Der Raddampfer "General Slocum"

Es war der Höhepunkt des Jahres: Der Sommerausflug der deutschen Gemeinde von St. Markus. Ein ganzer Stadtteil sprach damals in New York deutsch – auf der Eastside von Manhattan lag "Little Germany" im heutigen East Village. Die Einwanderer waren fleißig, aber arm und lebten in New York von den Berufen, die sie erlernt hatten, weshalb ihnen die Kirche einmal im Jahr einen Ausflug spendete. Diesmal sollte es eine Schiffsfahrt sein.

Irische (grün) und deutsche (orange) Viertel in New York City um 1865

Für den 15. Juni 1904, einen Mittwoch, hatte man die "General Slocum" gechartert, ein hölzerner 76 Meter langer Schaufelraddampfer mit drei Decks, benannt nach einem Südstaaten-General des Bürgerkriegs. Das Schiff der "Knickerbocker-Reederei" war zwar nicht mehr neu, aber frisch gestrichen und beeindruckte die 1331 Frauen und Kinder, die an Bord gingen – Babys und Kleinkinder nicht mitgezählt. Die Männer mussten dagegen in die Arbeit – eine Fahrt am Wochenende hätte man sich nicht leisten können, in der Woche hatte die Charter immer noch 350 Dollar gekostet, die Pfarrer Haas bezahlte.

Die "General Slocum" kurz nach dem Ablegen

Mit Blaskapelle ging die Fahrt vom Pier an der 3. Straße los, die die Ausflügler zum Picknick mit Grillen, Singen und Spielen den East River hinauf nach Long Island bringen sollte. Es gab an Bord unter anderem Muschelsuppe und Bier.
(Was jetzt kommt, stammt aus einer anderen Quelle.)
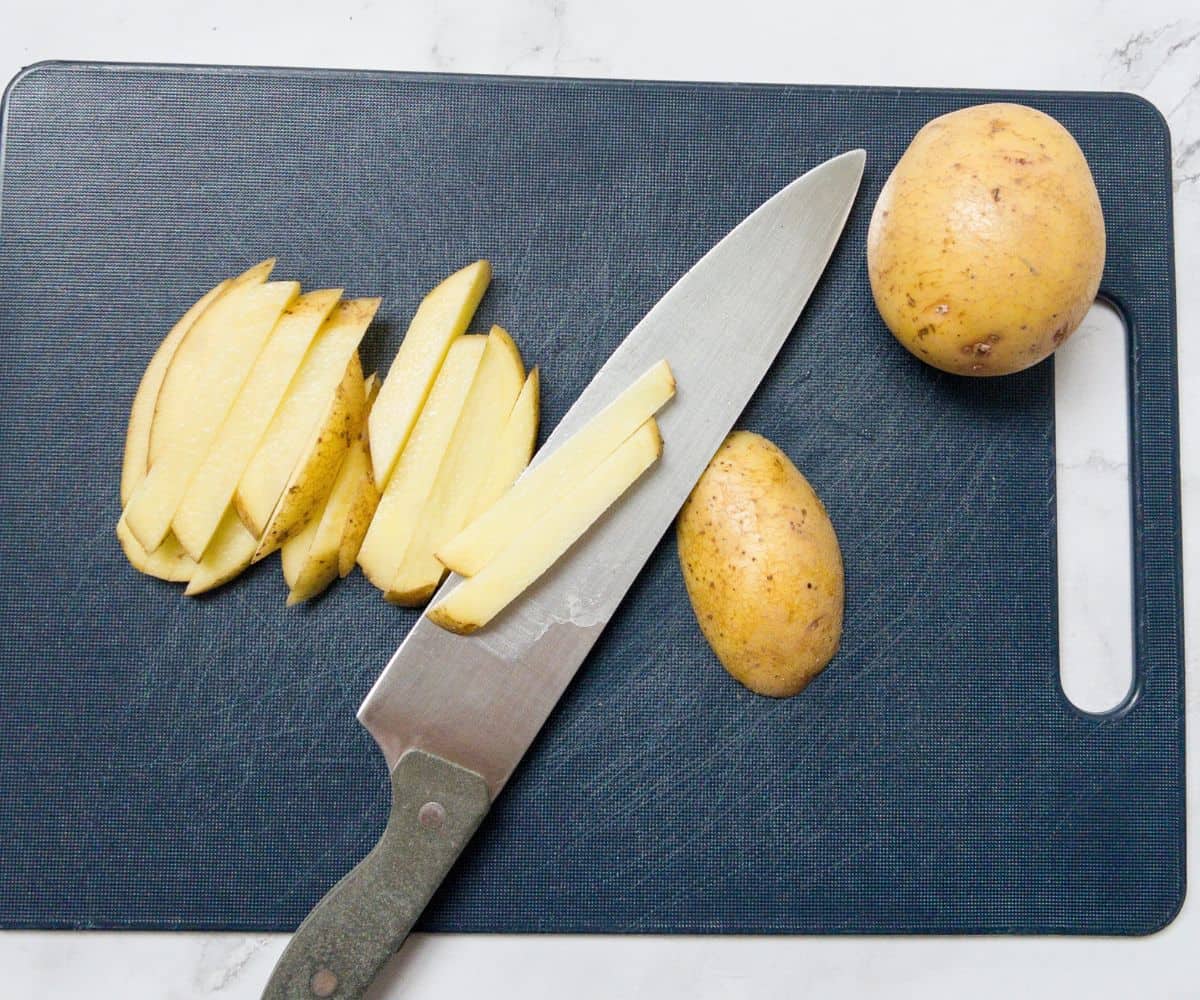 Potatoes being cut into fries on a chopping board with a knife.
Die Bierkrüge waren in Holzwolle verpackt, die ein Maat kurzerhand in den "Lampenraum" stopfte – eine Kabine, in der auch die Öllampen verstaut waren.

Das Feuer

Etwa nach einer dreiviertel Stunde roch es nach Rauch. Die Gäste dachten, das käme aus der Küche. Ein Junge informierte die Crew, dass aus einer Kabine Rauch drang. Ein Maat – wie alle anderen untrainiert im Umgang mit Feuer, öffnete die Tür, um nachzusehen, wo der Rauch herkam. Daraufhin brach das Feuer aus und fraß sich in wenigen Minuten durch alle drei Decks. Löschversuche scheiterten an verrotteten, platzenden Schläuchen, die Rettungsboote saßen fest und die Rettungswesten – von Leinen umhüllter Kork – waren morsch, zerbröselten und saugten sich voll Wasser: Wer sie benutzte, ertrank unweigerlich. Schwimmen konnte 1904 praktisch niemand.
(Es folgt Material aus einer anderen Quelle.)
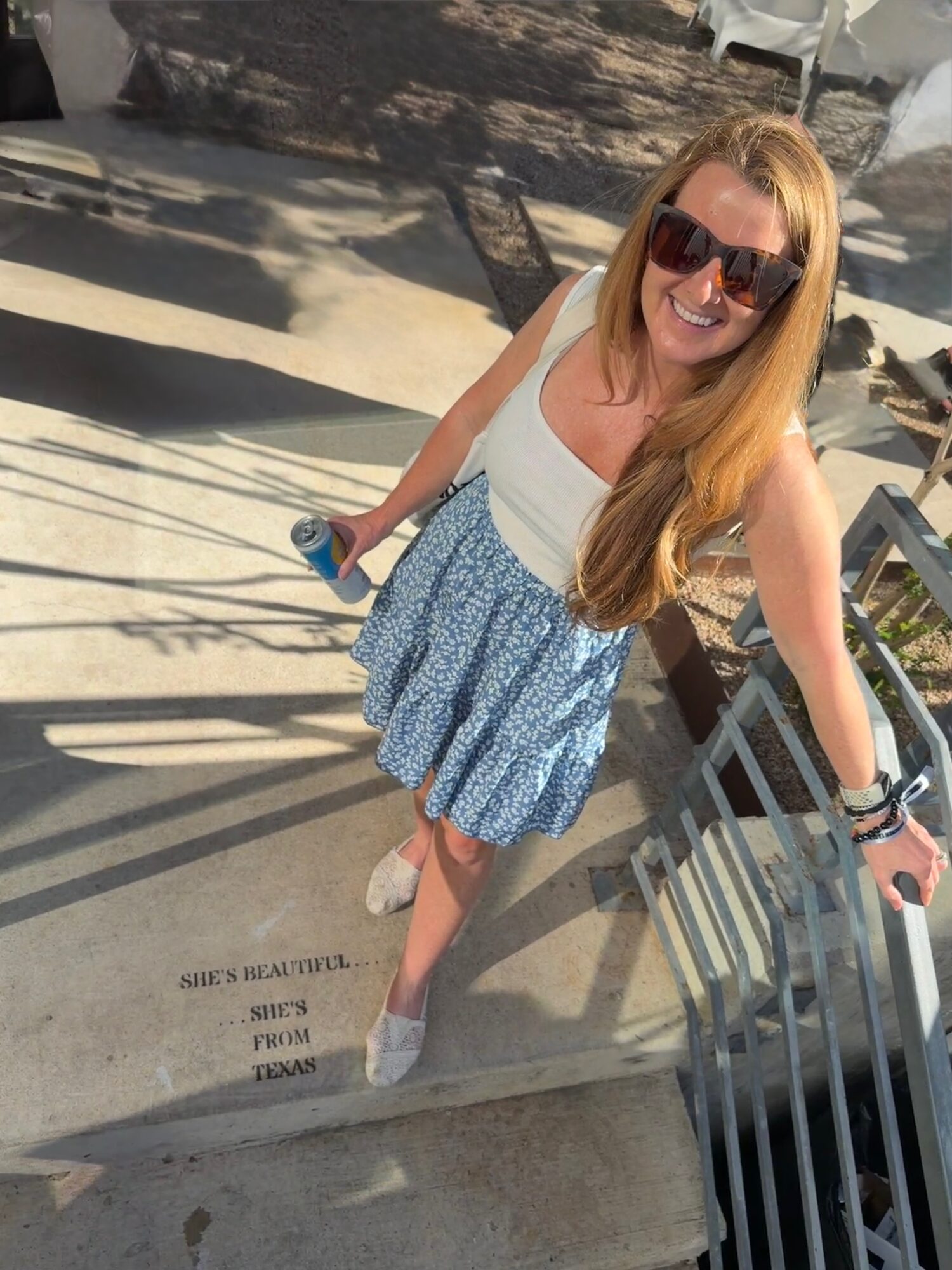 A woman wearing sunglasses and a blue patterned skirt stands beside a metal railing on a sunlit walkway.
Kapitän William van Schaick

Der Kapitän musste zunächst durch die Stromschwellen am "Hells Gate", in denen niemand überlebt hätte, wollte dann ans Ufer der Bronx, doch waren dort Öl- und Benzinlager und er fürchtete, mit dem brennenden Schiff einen ganzen Stadtteil anzuzünden. Deshalb fuhr er mit voller Geschwindigkeit, die das Feuer weiter anfachte, das brennende Schiff zur Insel North Brother Island, auf der ein Hospital für ansteckende Krankheiten war. Doch konnte sich zwar die Mannschaft bis auf einen Mann retten, doch nur 310 der Passagiere: Bootsbesitzer nahmen ihnen dafür Schmuck und Uhren ab. Der Rest ertrank oder verbrannte auf dem Schiff, als die drei Decks ähnlich wie fast 100 Jahre später im World-Trade-Center vom Feuer geschwächt aufeinanderstürzten. Bis zum 11. September 2001 war das Slocum-Desaster das größte Unglück in New York.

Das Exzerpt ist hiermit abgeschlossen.